Further in Rajendra Prasad v. State of Uttar Pradesh[3] The Apex Court in the instant case held that the special reasons sought to be recorded must relate to the criminal rather than the crime and death penalty is the last step where the murderer is unlikely to be cured and may tend to murder others if left alive. Further, the Court said that it could be awarded only if the security of the state and society, public order and the interests of the general public compelled that course.

In the landmark judgement of Bachan Singh v. State of Punjab The Supreme Court in 1980 attempted to carve out a doctrine specifically for offences punishable with death so as to reduce the ambiguity for courts as to when to go for the highest punishment of the land. The doctrine was laid down in 1980 in the case of Bachan Singh by a Constitution Bench of 5 judges while deciding the Constitutional validity of death penalty provided in Section 302 IPC and the sentencing procedure as provided under Section 354 (3) of the CrPC,1973.

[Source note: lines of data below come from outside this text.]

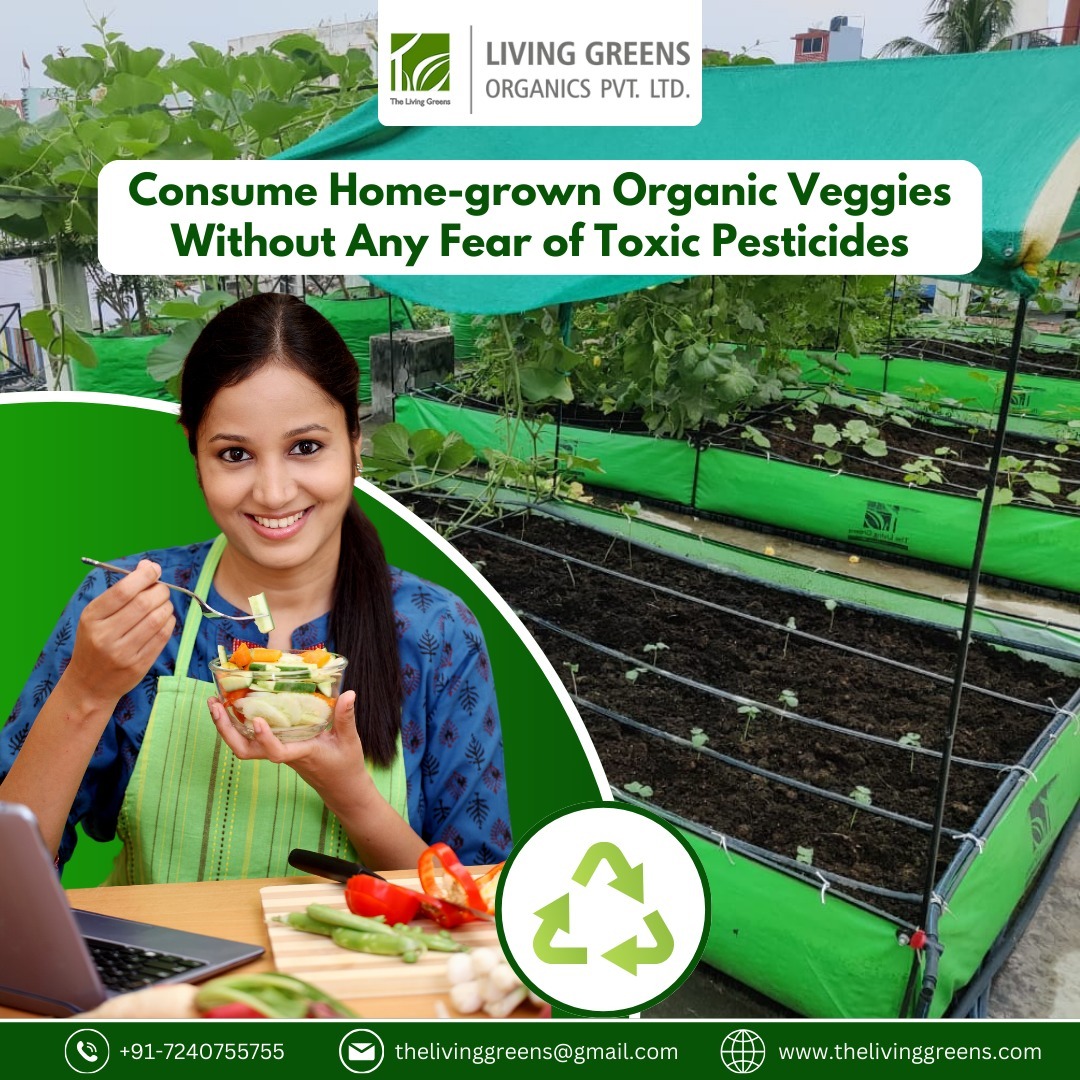 living_greens's tweet photo. GROW ORGANIC, EAT FRESH, LIVE HEALTHY – the recipe for a vibrant life! 🌿🍅🏋️♂️
.
Visit Us: https://t.co/lS6faQBI8t
.
#thelivinggreens #livinggreensorganics #urbanorganicfarming #organiceaters #schoolfarming #Urbanfarming #Urbanfarmingindia #futurefood #homegrownveggies #Jaipur https://t.co/nlDwOddP56
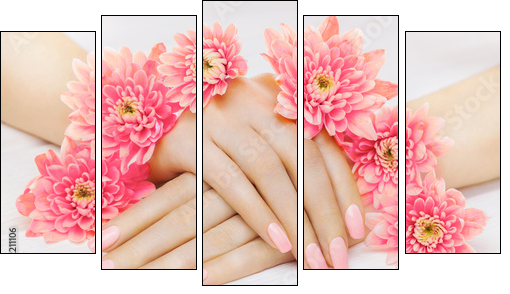 pink manicure with chrysanthemum flowers. spa - Obraz pięcioczęściowy, Pentaptyk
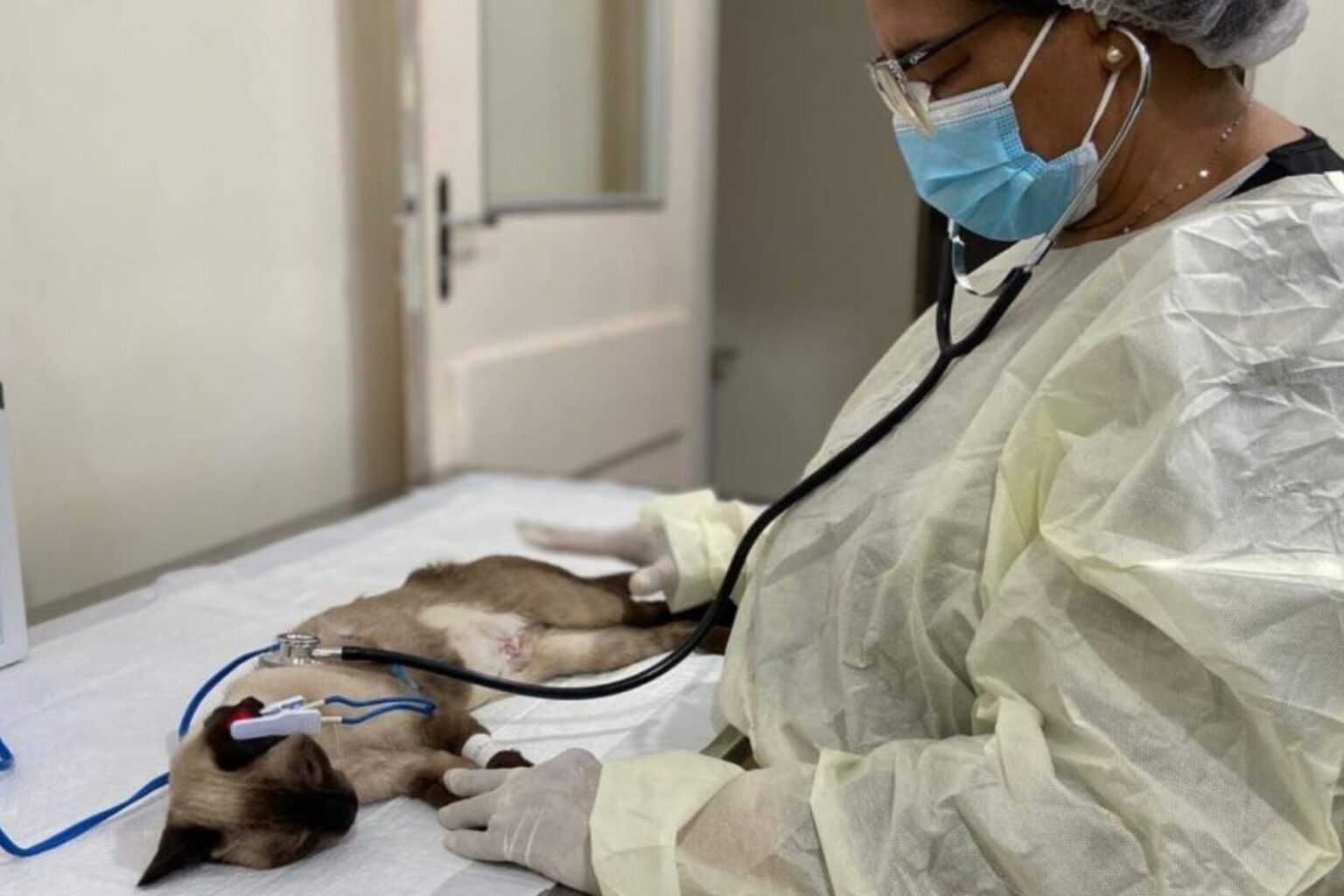 Centro de Zoonoses realiza castração gratuita de cães e gatos em Marabá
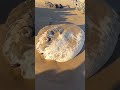 Heartbreaking scene of a stranded Sunfish at Petrel Cove mp3
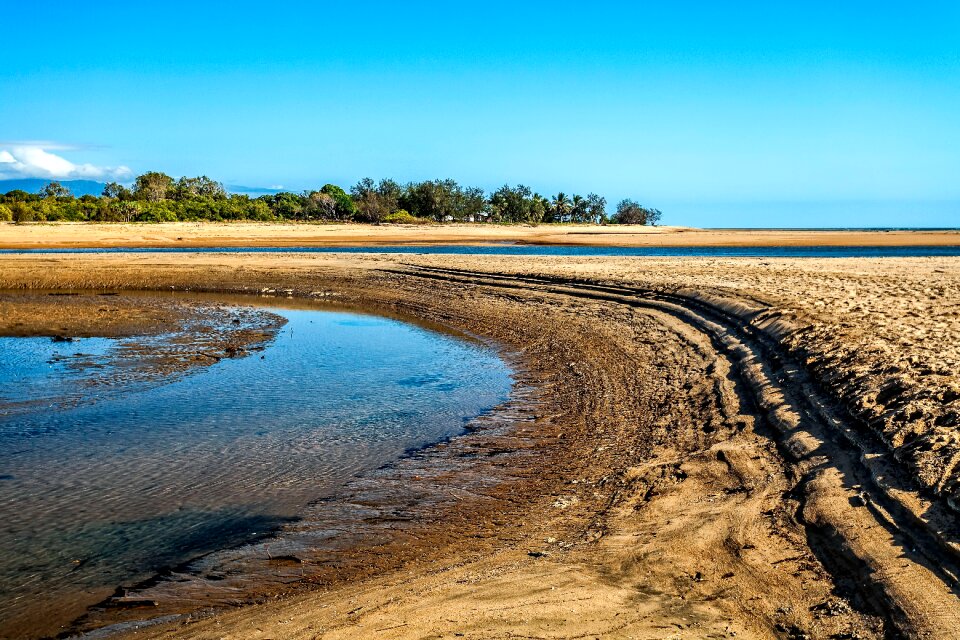 Saunders beach mangrove area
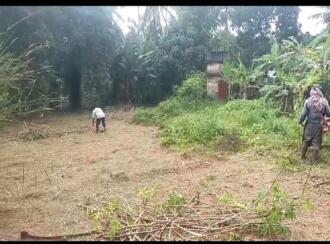 Residential Land for Sale in Pathanamthitta, Kozhencherry, Kuzhikkala, Kozhencherry -Thumpamon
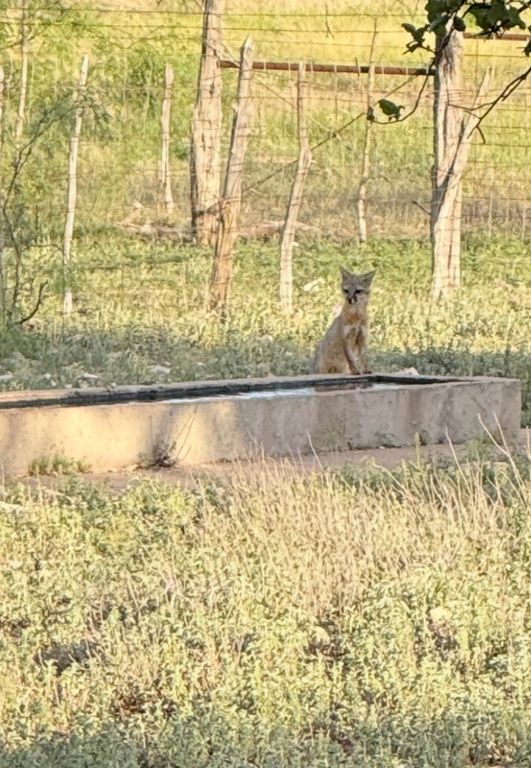 Image 22 of property listing at 3420 NE County Rd 2596, Sonora, TX 76950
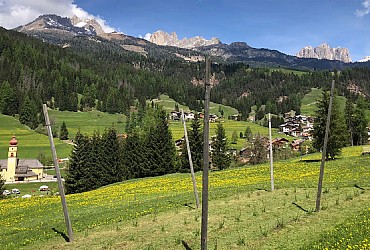 Services in Moena - Gallery - Photo ID 3498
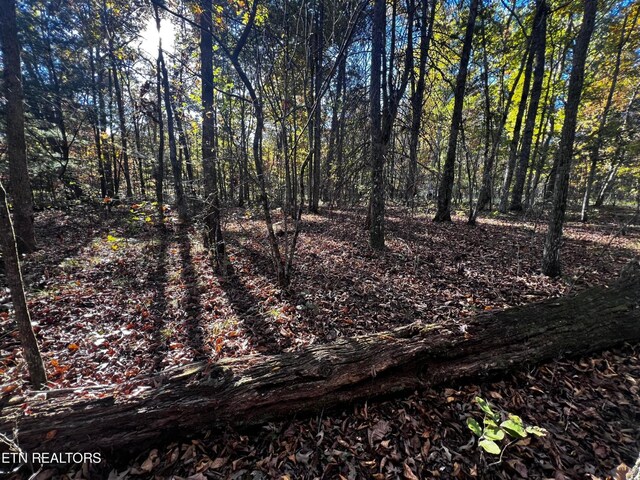 1320 Black Cloud Dr, Crossville, TN 38572 - photo 9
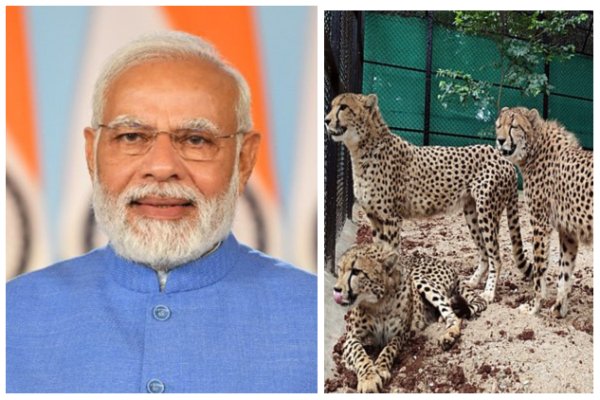 चीता के लिए क्यों चुना गया एमपी का कुनो राष्ट्रीय उद्यान! जानिए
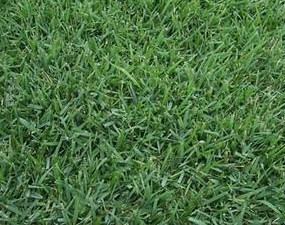 Zoysia grass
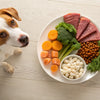 How Much Human Food to Feed Your Dog for Optimal Health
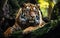 Majestic tiger sitting peacefully in the forest, majestic big cats image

In the present case, the accused through an appeal challenged his death sentence questioning whether the murder of three persons by him would constitute special reasons as requisite under Section 354(3) CrPC,1973. The court primarily held that :-

  1. In order to qualify in the category of aggravating circumstances which may form the basis of special reasons in Section 354(3), circumstance found on the facts of a particular case, must evidence aggravation of an abnormal or special degree.
  2. Some mitigating circumstances which the courts shall take into account and given great weight in the determination of sentence are – Extreme mental or emotional disturbance of the accused, age of the accused i.e. extreme youth or old, the probability that the accused would not commit violent acts further, probability that the accused can be rehabilitated, moral justification by the accused of the crime committed or duress or domination by someone else over the accused.
  3. For persons convicted of murder Life imprisonment is the rule and death sentence an exception. Human life should not be taken save in the rarest of rare cases when the alternative option is unquestionably foreclosed, thereby propounding the rarest of rare doctrine for the determination of death sentence.

This led to the emergence of doctrine of Rarest of Rare cases to facilitating the cases involving death sentence. Though, this doctrine is not free of criticism, it being beyond the scope of this article.

[1] AIR 1980 SC 898.

[2] AIR 1973 SC 947.

[3] 1979 3 SCC 646.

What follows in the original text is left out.